======== Records for this exercise ========

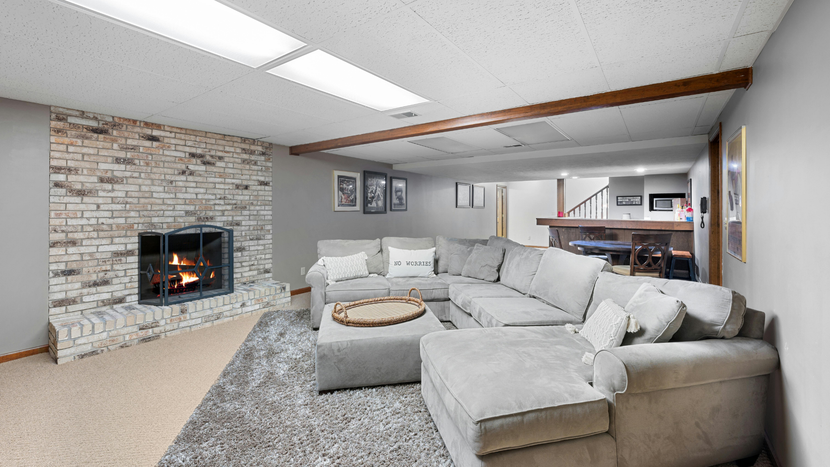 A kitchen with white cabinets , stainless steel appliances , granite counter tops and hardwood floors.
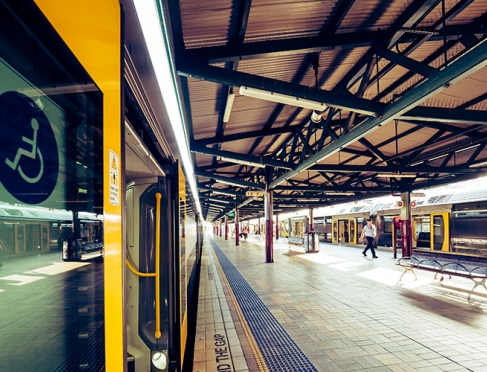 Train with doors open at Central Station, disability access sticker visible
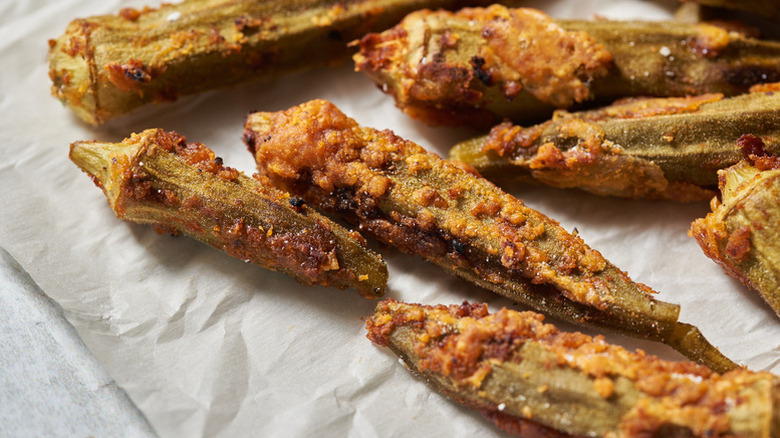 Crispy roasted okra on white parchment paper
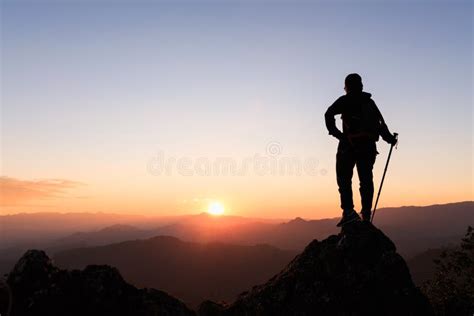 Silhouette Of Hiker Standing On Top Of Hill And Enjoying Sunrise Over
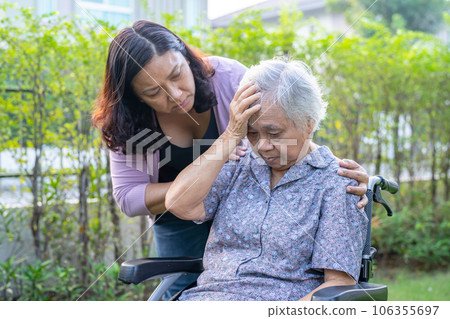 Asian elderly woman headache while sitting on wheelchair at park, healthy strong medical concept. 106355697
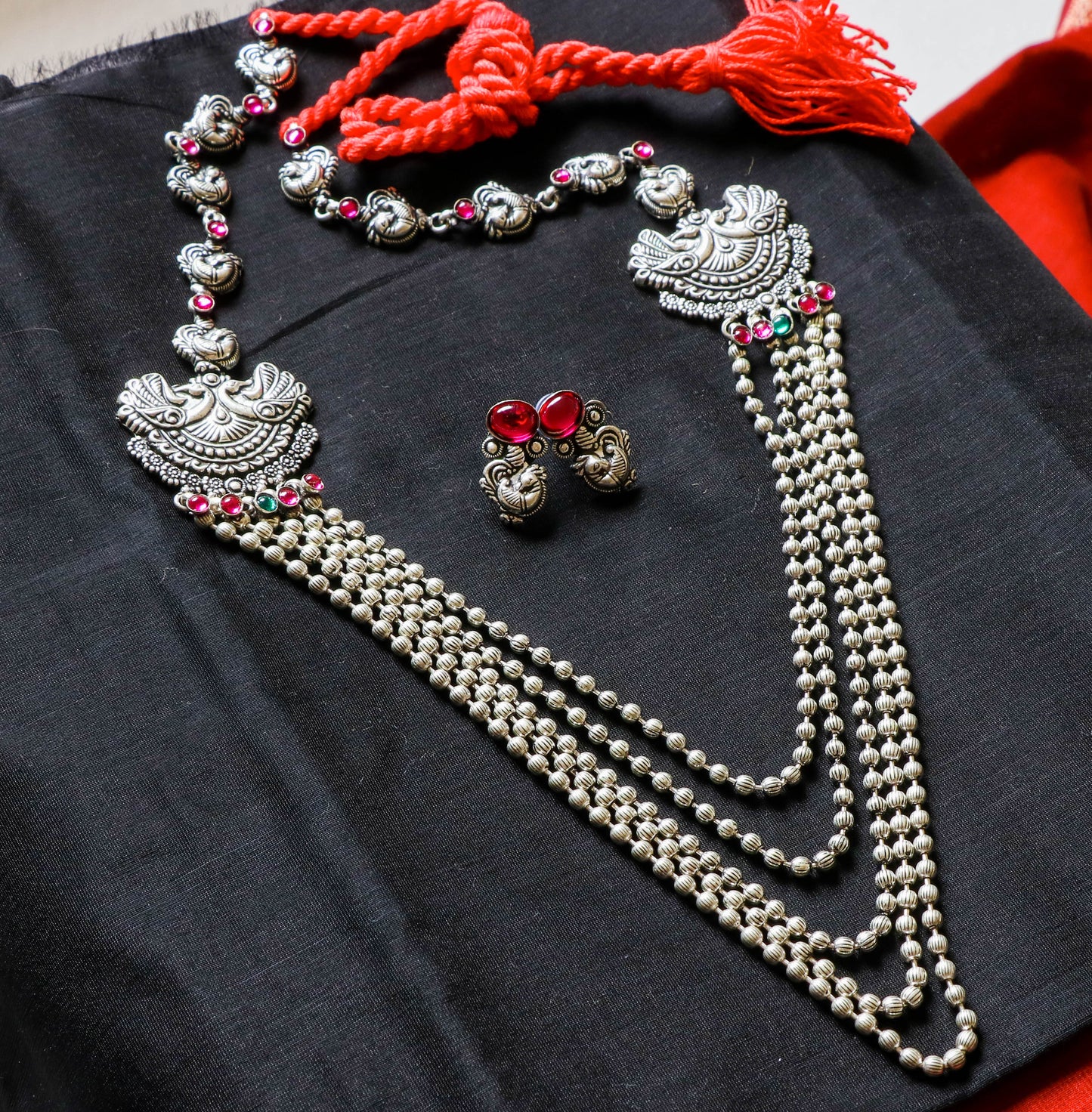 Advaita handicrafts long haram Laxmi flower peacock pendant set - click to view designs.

========

§ **Task to complete**
Write the records above out again word for word, skipping each picture.

§ **Task solution**
 A kitchen with white cabinets , stainless steel appliances , granite counter tops and hardwood floors.
 Train with doors open at Central Station, disability access sticker visible
 Crispy roasted okra on white parchment paper
 Silhouette Of Hiker Standing On Top Of Hill And Enjoying Sunrise Over
 Asian elderly woman headache while sitting on wheelchair at park, healthy strong medical concept. 106355697
 Advaita handicrafts long haram Laxmi flower peacock pendant set - click to view designs.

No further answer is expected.